The big polling disaster of 2016, however, was his prediction of the general election. Silver’s model gave Clinton better than a two-to-one chance of winning – 71.4 chance that Clinton would win the electoral college, with 302.2 electoral votes, while Trump would get just 235.0 electoral votes. The numbers were almost reversed: Trump won states with 306 electoral votes, Clinton 232. (The actual number of electoral votes cast was 304 for Trump, 227 for Clinton. The discrepancy was caused by two faithless electors defecting from Trump and five defecting from Clinton.)
Silver’s state-by-state projections in five of the battleground states were also woefully off the mark. According to Silver, Clinton’s probability of winning Wisconsin was 83.5%; Michigan, 78.9%; Pennsylvania, 77.0%; North Carolina, 55.5%; Florida, 55.1%. She lost in all those states.
Using those probabilities, Clinton had a 99.84% chance of winning at least one of those five states. She won none.
Silver might justifiably argue that the probabilities in each state were not independent of one another, so the chance of her winning at least one state was maybe lower than what I’ve presented.
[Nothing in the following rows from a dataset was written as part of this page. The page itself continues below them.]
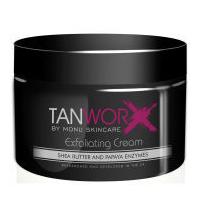 MONU TANWORX Exfoliating Body Cream 120ml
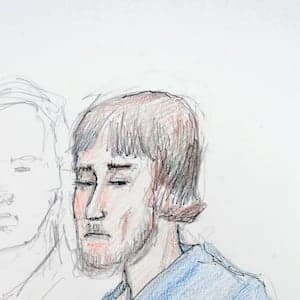 Justin Bourque to serve 75 years before parole eligibility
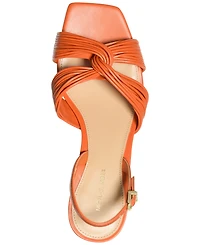 Michael Kors Women's Alessia Kitten-Heel Sandals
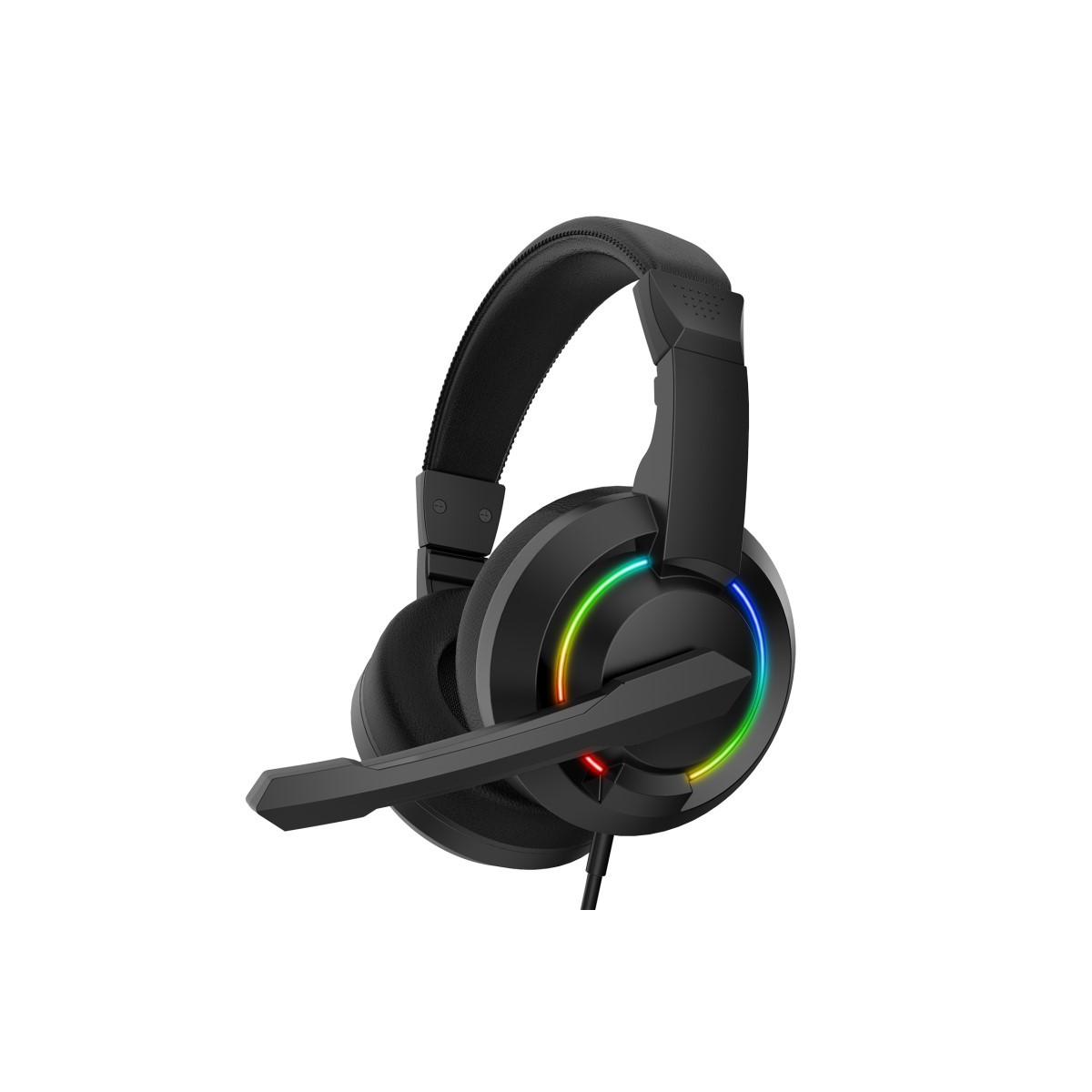 MICRO-CASQUE GAMING BARACUDA BGH-021 HYDRA RGB / NOIR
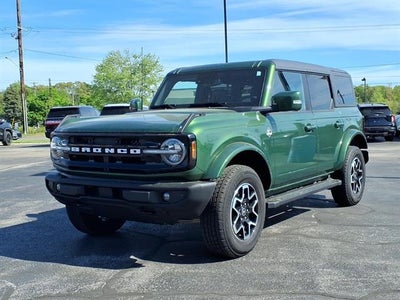 2023 Ford Bronco 4X4 Outer Banks 4DR SUV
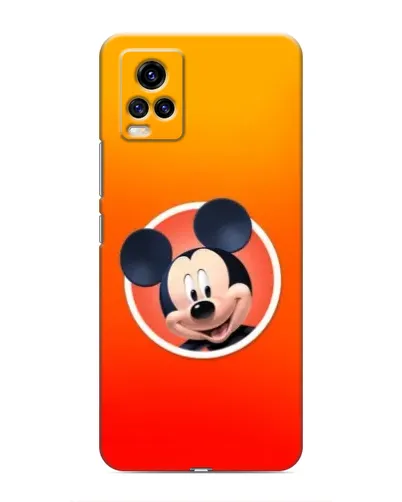 Чехол для Vivo V20 с картинкой «Mickey в круге» Чехол для Vivo V20 с картинкой «Mickey в круге»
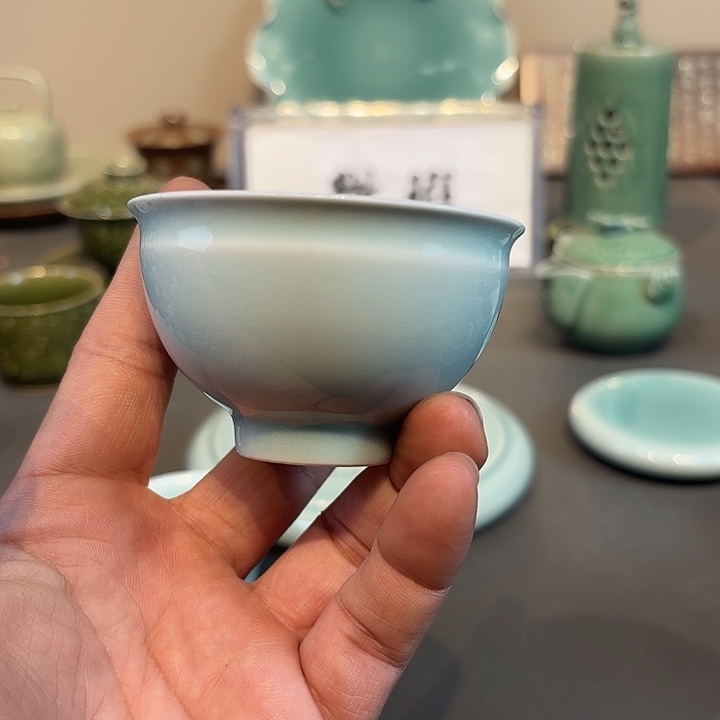 瓷片龙泉青瓷龙泉青瓷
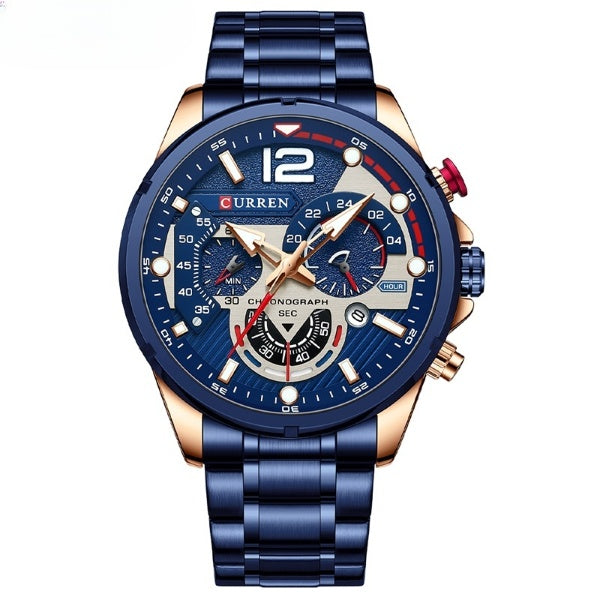 Curren Watches: Style and Functionality | THE LUXURY TIME®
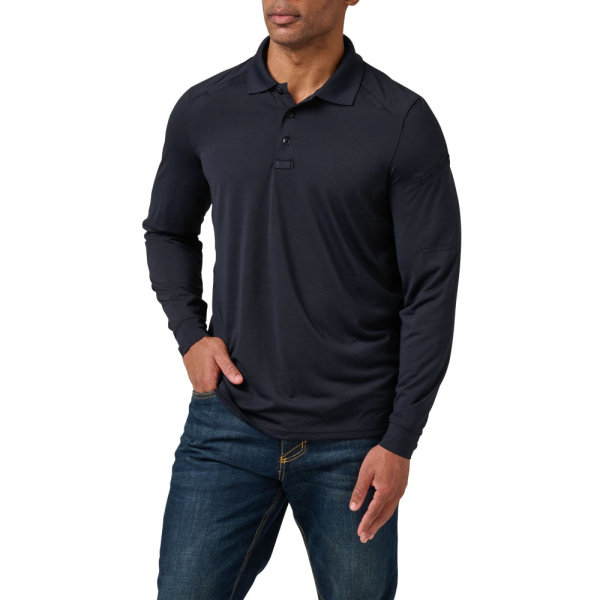Поло Helios Long Sleeve 5.11 Tactical, цвет Dark Navy 2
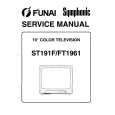 FUNAI ST191F Instrukcja Serwisowa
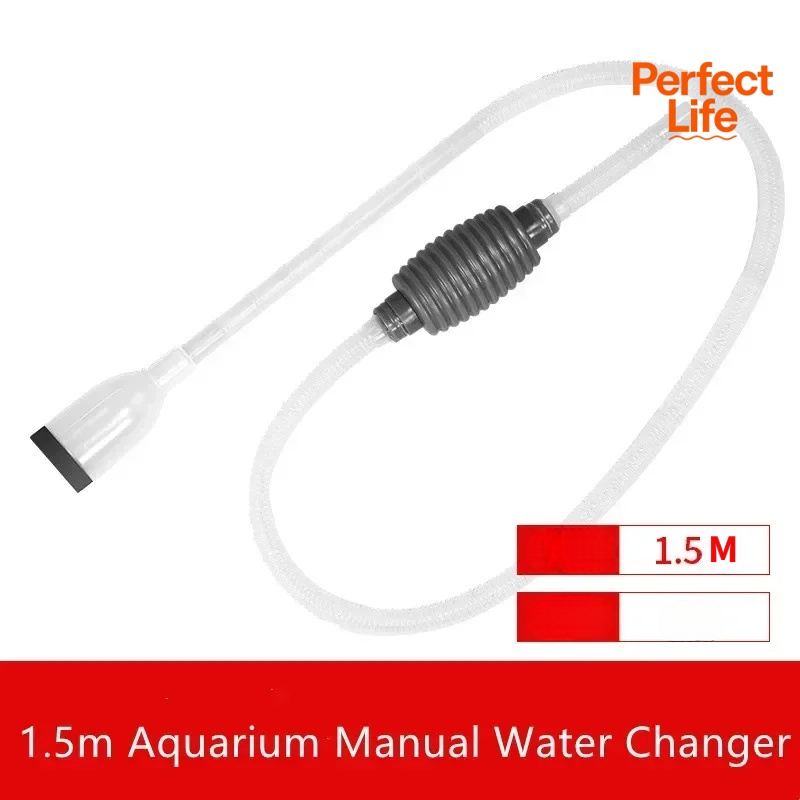1.5m Aquarium Manual Water Cha - Planted Aquarium Cleaning 评论和价格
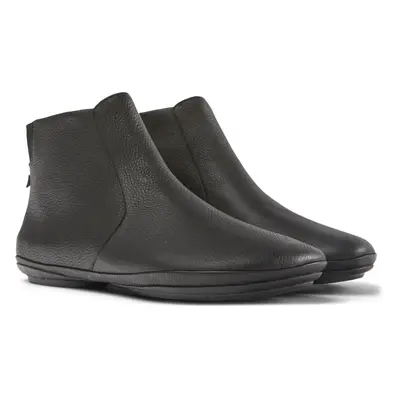 CAMPER Right - Ankle boots for Women - Black, size Smooth leather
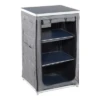 Wecamp Campingschrank Modus Grau Single -Campingmöbel Geschäft 670566 4599516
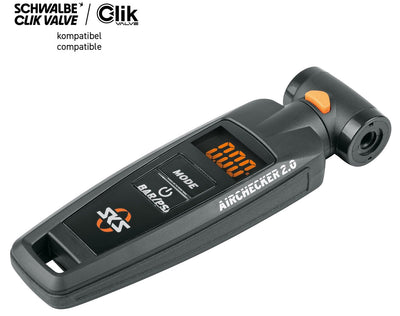 SKS Stampa Meturatore Aircchecker 2nd Gene. 10001 SV AV 10 bar-144psi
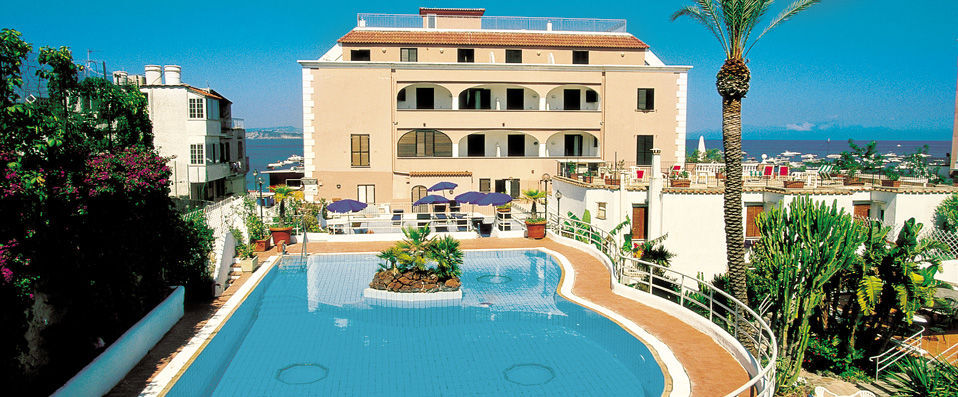 Hotel Mare Blu Terme ★★★★★ - An Italian island paradise to chase your blues away. - Ischia, Italy
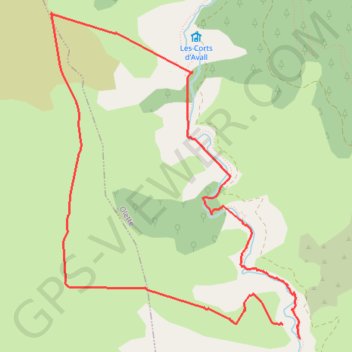 Itinéraire PEYROT RAMADER, distance, dénivelé, altitude, carte, profil, trace GPS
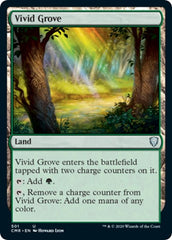 Vivid Grove [Commander Legends] | North Game Den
How much lower is difficult to say, because it’s not clear how dependent the state calculations were on each other.
Nevertheless, the figures show how “wrong” people were to expect a Clinton victory based on Silver’s models.
But was Silver actually wrong? The problem with assigning blame is that his projection was a probability assessment. According to his projection, Trump had a 28.6% chance of winning the electoral vote. Sometimes, the unexpected happens. So, we can’t say that Silver’s model was “wrong.” The only way we can really assess such probabilities is to compare results over a very large number of cases.
His models are better suited for predicting the probability that, say, a basketball player will miss a free throw, because typically basketball players have a large number of free throws for comparison. Such is not the case for presidential elections. Silver has calculated probabilities of presidential outcomes in only three elections, though he is currently preparing for this fourth.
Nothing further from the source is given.